At the All-Star break this year, the Atlanta Braves hadn’t done a lot. Players weren’t sure if the front office was going to try to win, since they’d recently lost their all-star center fielder, one of their best pitchers was out for the year, and another standout outfielder had been arrested.

Then a front office leader told Alex Anthopolous he had whatever resources he needed to make a move.

Another team might have decided to pack it in and not spend — baseball is a business, after all. Anthopolous instead decided to pack the lineup with talent, and traded for four players: Jorge Soler, Eddie Rosario, Adam Duvall and Joc Pederson.

It was a gamble, even though Anthopolous had the support of his front office. The Braves could have spent a ton of money but continued to play mediocre baseball.

In fact, for about a month, they did.

Then they got better. And because their division — industry niche, if you will — wasn’t the strongest, they were able to win it without having an amazing record.

Put another way, they devoted the resources to a minimum viable product that was good enough to achieve their business goal: win the National League East Division pennant.

Teams in other divisions had to win more games to win their divisions.
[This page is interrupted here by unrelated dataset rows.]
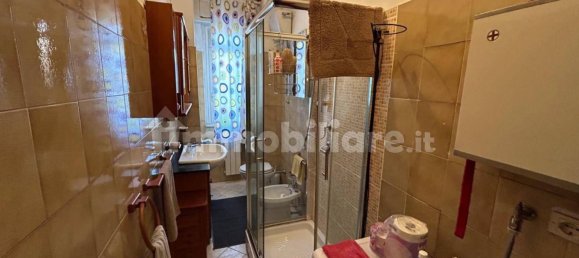 Квартира с 2 спальнями в Пескара, Италия № 191799 23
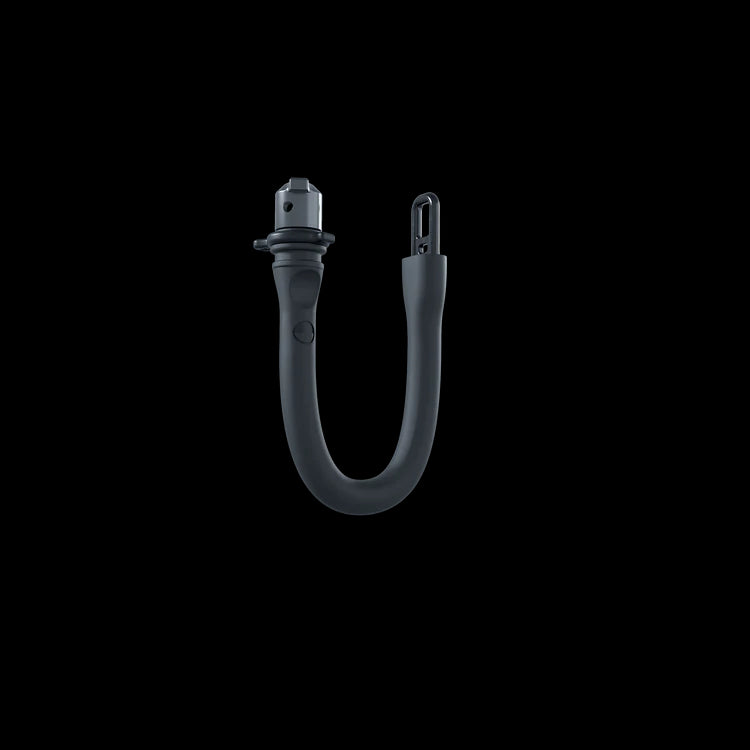 2024 North Pro Freeride Loop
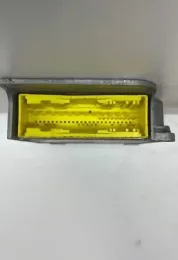 50030805B блок управління airbag (srs) Ford Galaxy 2004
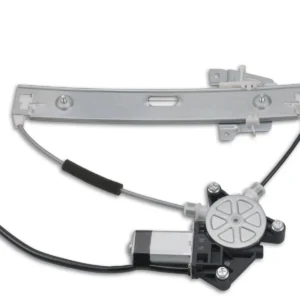Power Window Regulator Assembly 8L8Z7827000A M70201531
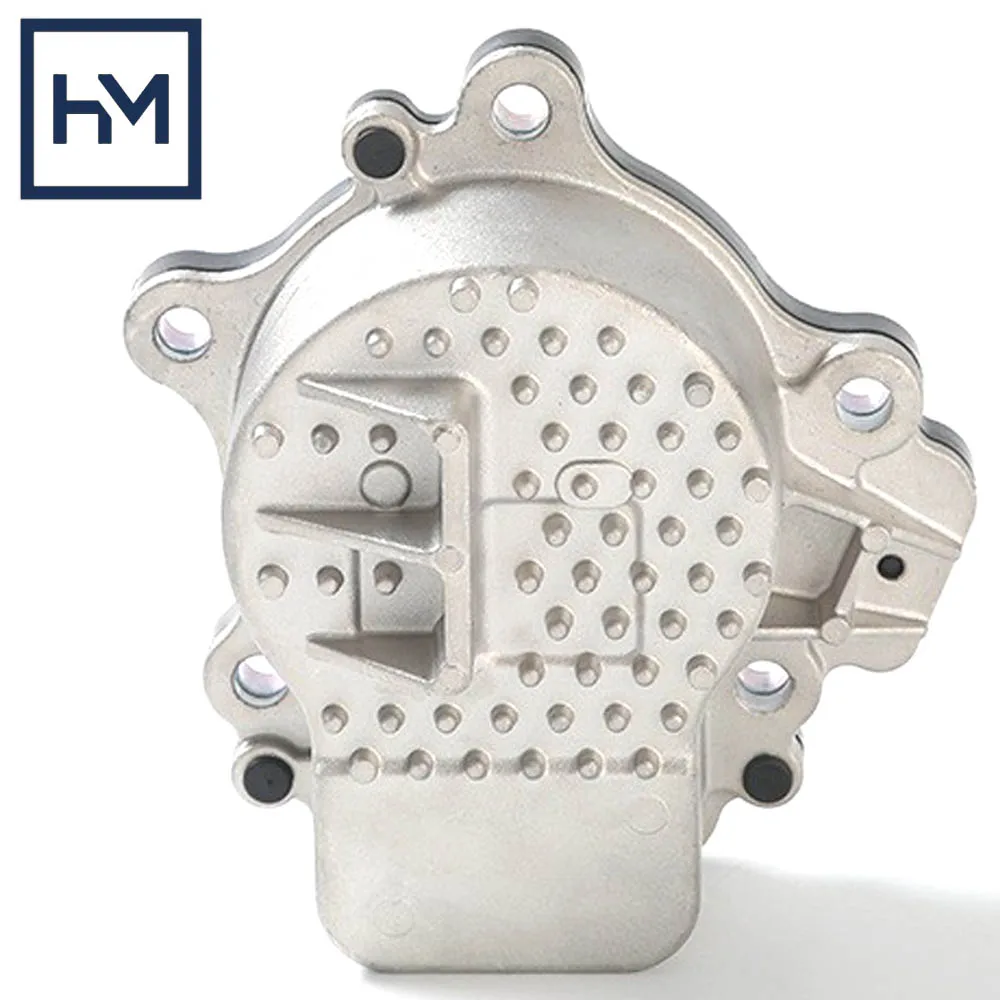 

OE:161A0-29015 161A0-39015 Car Engine Electric Water Pump For Toyota Prius 1.8L l4 2010-2015 (161A029015 161A039015)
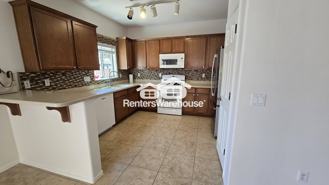 1126 E Mount Shibell Dr - Photo 1 of 1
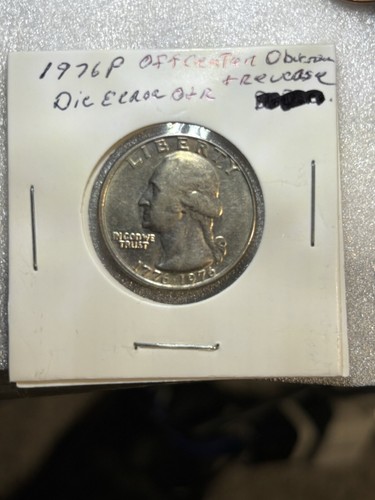 1976p bicentennial washington - 1976p-bicentennial,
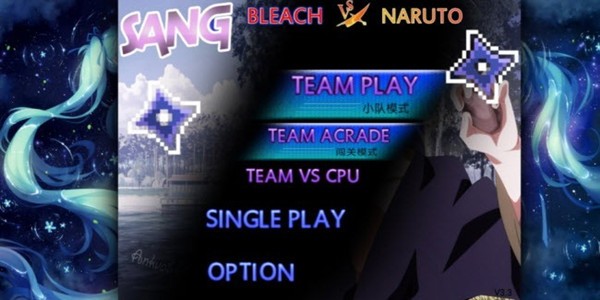 BVN怜改 2022-02-09 17:51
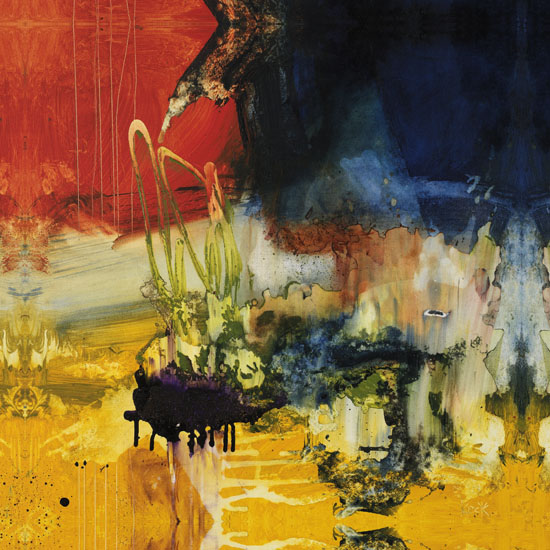 Compatible Abstract for Jahrriesnge untitle-lpf03069 Compatible Abstract Jahrriesnge for untitle-lpf03069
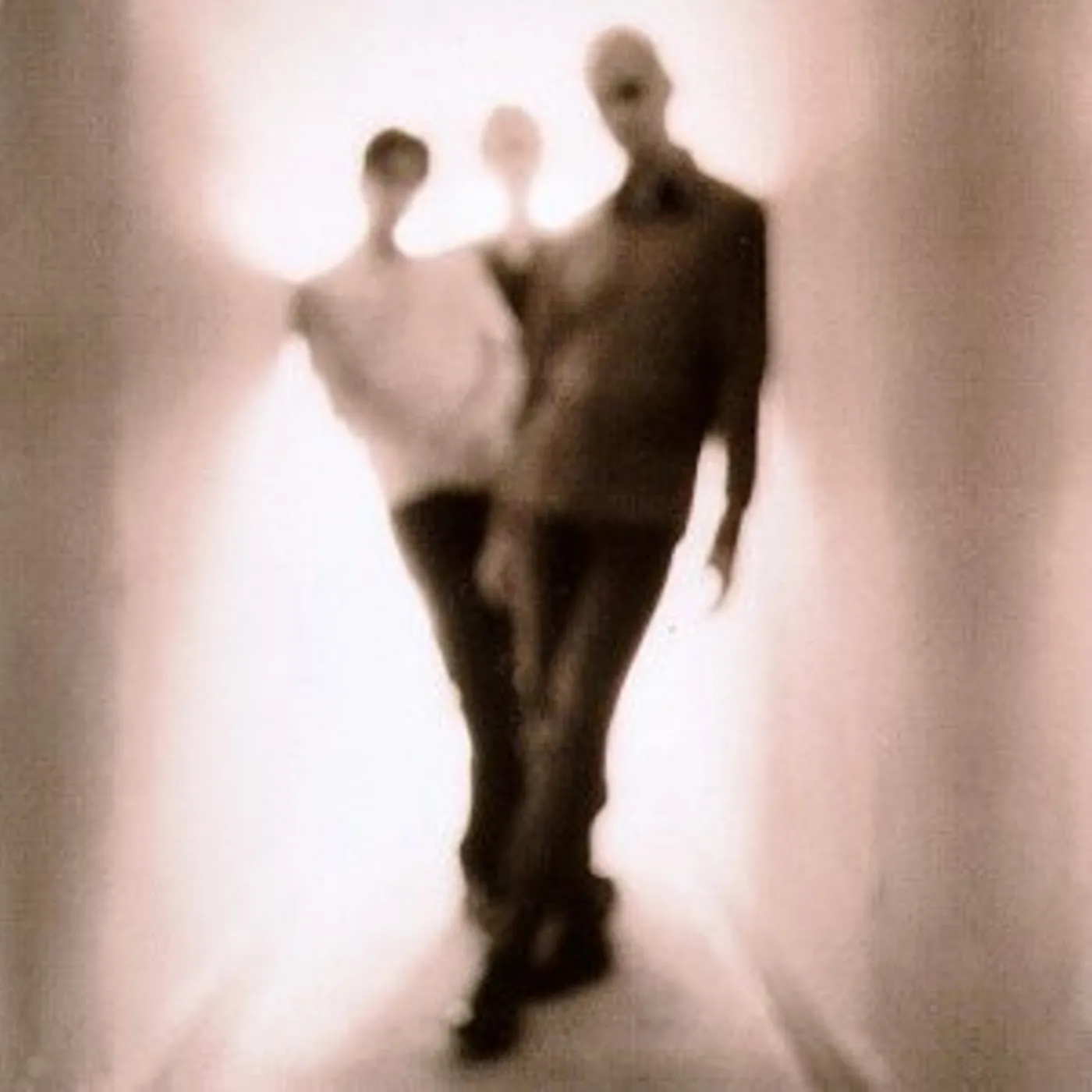 Everclear SO MUCH FOR THE AFTERGLOW CD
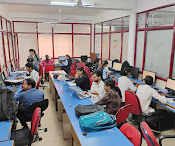 SSI Digital Academy — photo 2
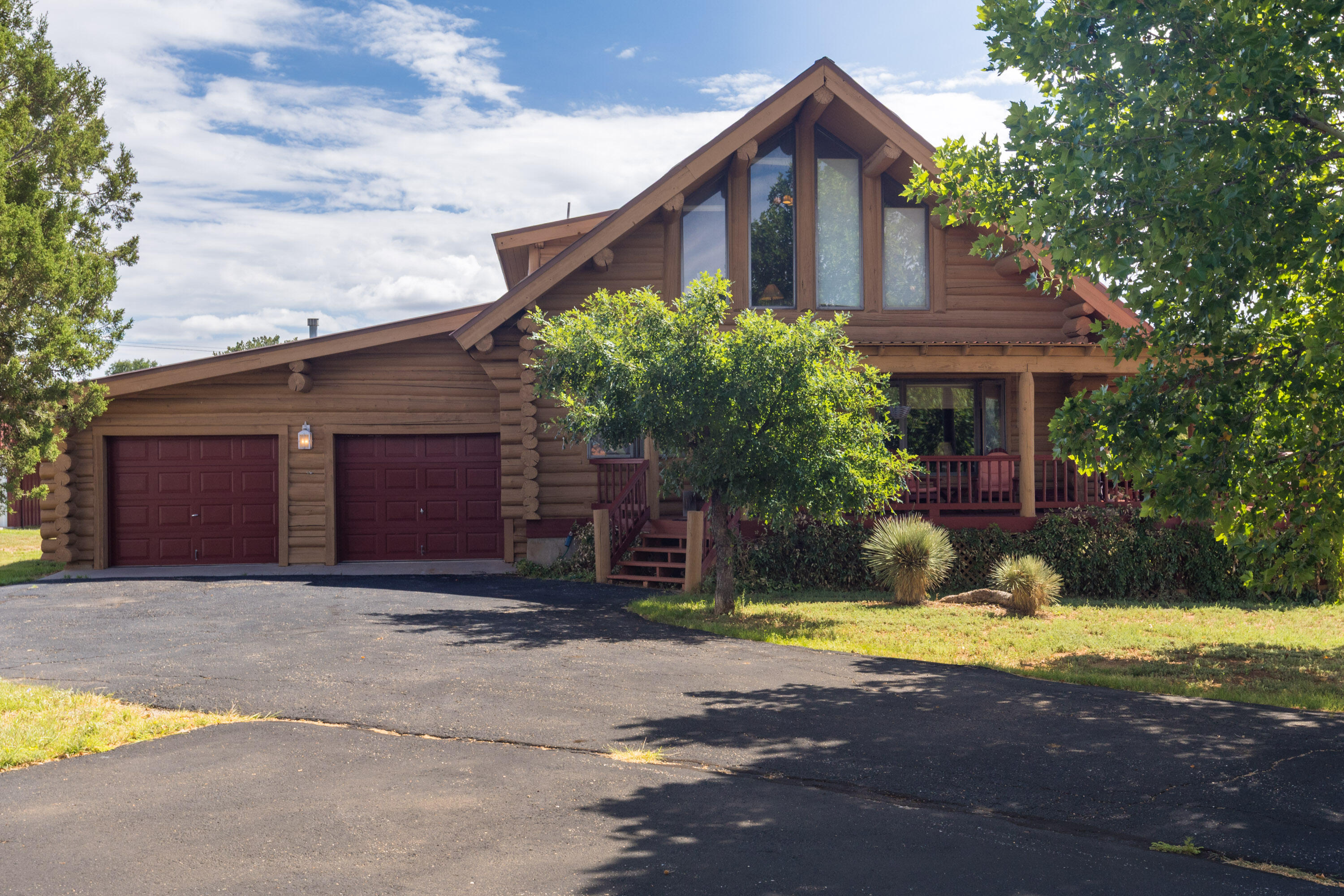 21 SWEENHART Drive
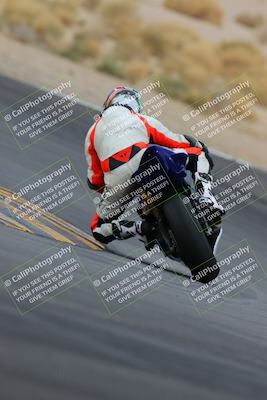 media/Jan-14-2023-SoCal Trackdays (Sat) [[497694156f]]/Turn 12 Backside (1010am)/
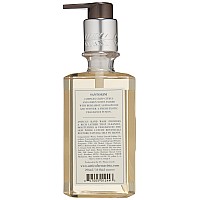 Antica Farmacista Santorini Hand Wash 10 Fl Oz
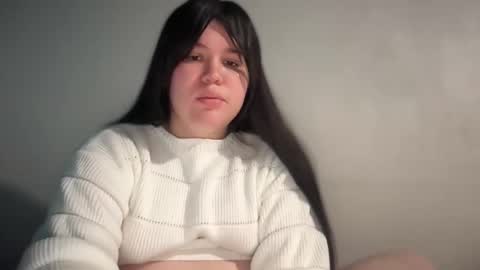 Snapshot of lucybabypink chatting on 01-12-25, 04:42 Lucyhot online show from 01-12-25, 04:42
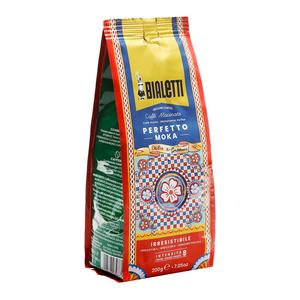 Bialetti Dolce&Gabbana Perfetto Moka Irresistibile Coffee Footlocker Finishline Sale Online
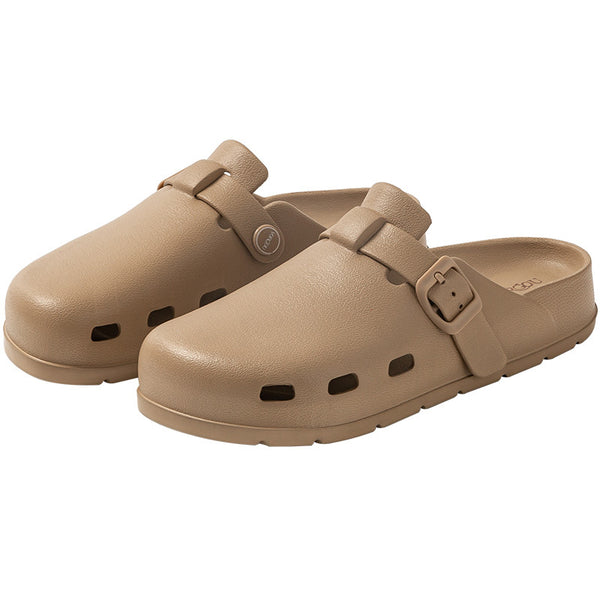 Men's & Women's Birkenstock Closed-Toe Shoes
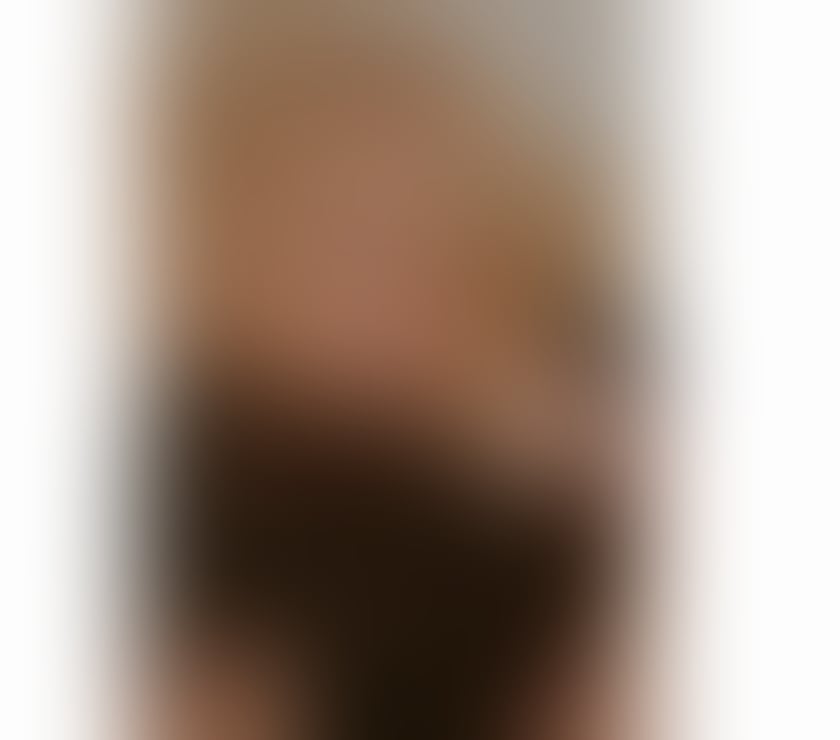 Escort Crews Hill North London - Photos for Sexy Alexa party grils ❤️❤️😘call me💯💥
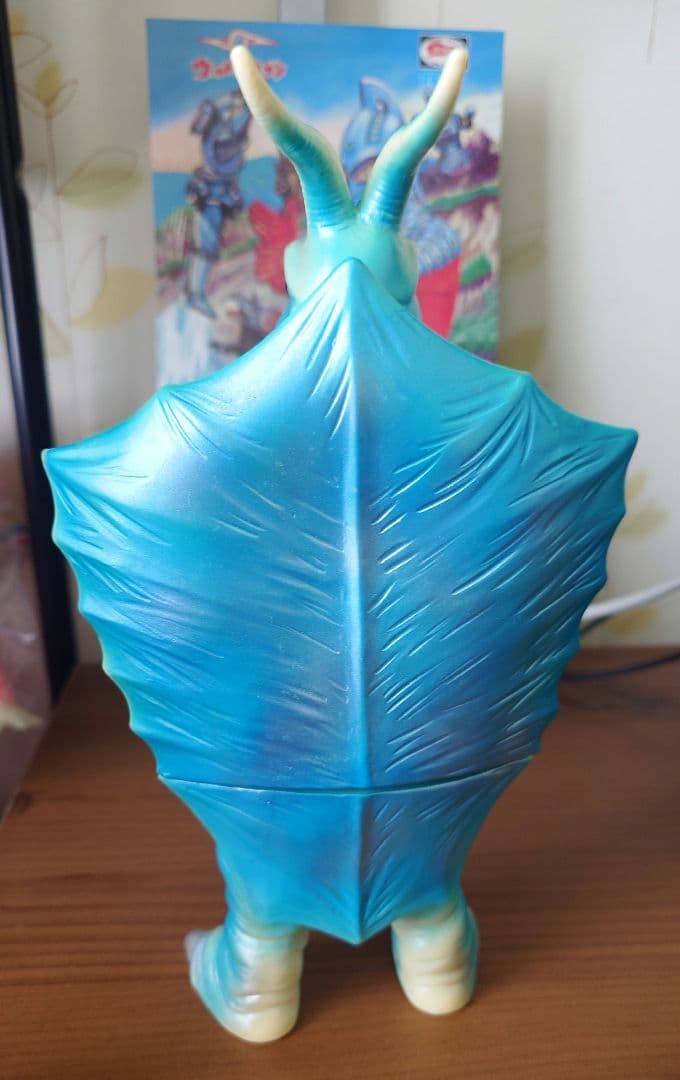 ブルマァク 『キングマイマイ』 福袋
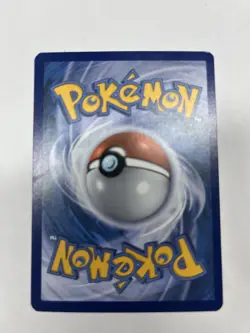 Espurr RC14/RC32 - Pokemon TCG - Generations Radiant Collection - NM - Image 2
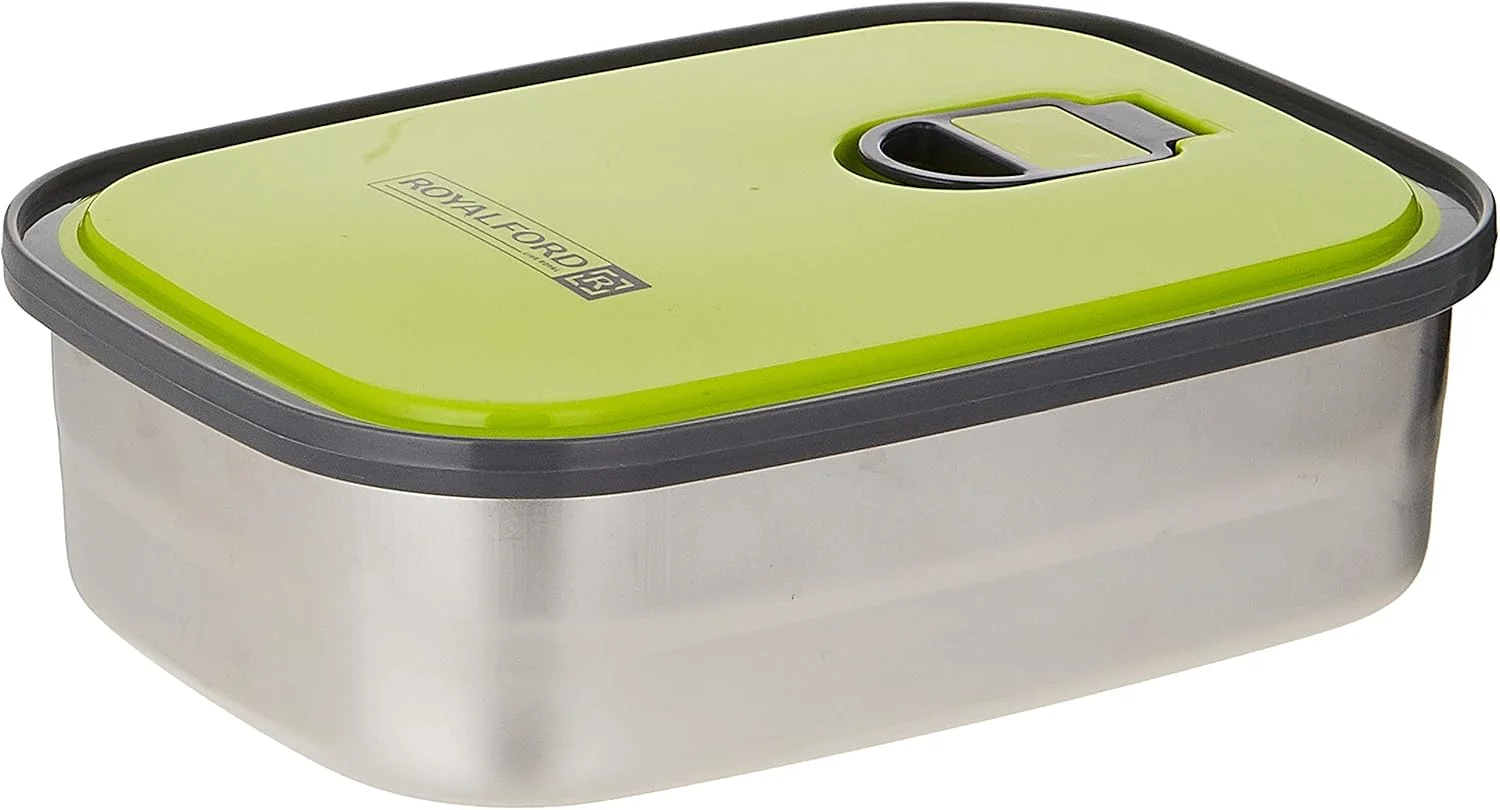 ظرف غذای رویال فورد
But that’s because the playing field wasn’t level, just as the playing field is never level across industries. For example, just as the Los Angeles Dodgers won more games than the Braves but didn’t win their division. Likewise, one company might outearn another company but not have as much market share (or overall success) because it’s in a different industry.

In the end, the acquisitions worked out well for the Braves: One of those players was voted most valuable player of the National League Championship Series, and another was voted MVP of the World Series.

Neither player was on the Braves’ roster when the season began. And sometimes, in business, a crucial recent hire becomes indispensable to a project or process.

Here are other lessons from the Braves’ win that apply to business:

No hard feelings

In last year’s playoffs, Joc Pederson helped the Los Angeles Dodgers beat the Braves. Pederson’s Dodgers then won the World Series. Anthopolous looked at Pederson and saw not a reason the Braves had lost but a player who could help his team win, too.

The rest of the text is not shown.